• **WORK INSTRUCTIONS**: Exactly as written, reproduce the lines from the one that contains "This is an example" through the end of the records.

• **Data entries**:
★ ★ ★

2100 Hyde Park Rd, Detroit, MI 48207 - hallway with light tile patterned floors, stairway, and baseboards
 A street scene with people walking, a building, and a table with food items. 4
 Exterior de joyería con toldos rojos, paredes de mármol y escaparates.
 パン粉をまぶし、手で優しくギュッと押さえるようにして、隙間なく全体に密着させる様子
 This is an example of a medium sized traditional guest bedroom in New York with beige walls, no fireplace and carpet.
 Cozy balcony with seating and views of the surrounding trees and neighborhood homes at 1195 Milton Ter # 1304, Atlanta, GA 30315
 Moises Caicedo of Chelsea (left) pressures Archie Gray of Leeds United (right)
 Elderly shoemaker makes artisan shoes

★ ★ ★

• **ANSWER BOX**:
 This is an example of a medium sized traditional guest bedroom in New York with beige walls, no fireplace and carpet.
 Cozy balcony with seating and views of the surrounding trees and neighborhood homes at 1195 Milton Ter # 1304, Atlanta, GA 30315
 Moises Caicedo of Chelsea (left) pressures Archie Gray of Leeds United (right)
 Elderly shoemaker makes artisan shoes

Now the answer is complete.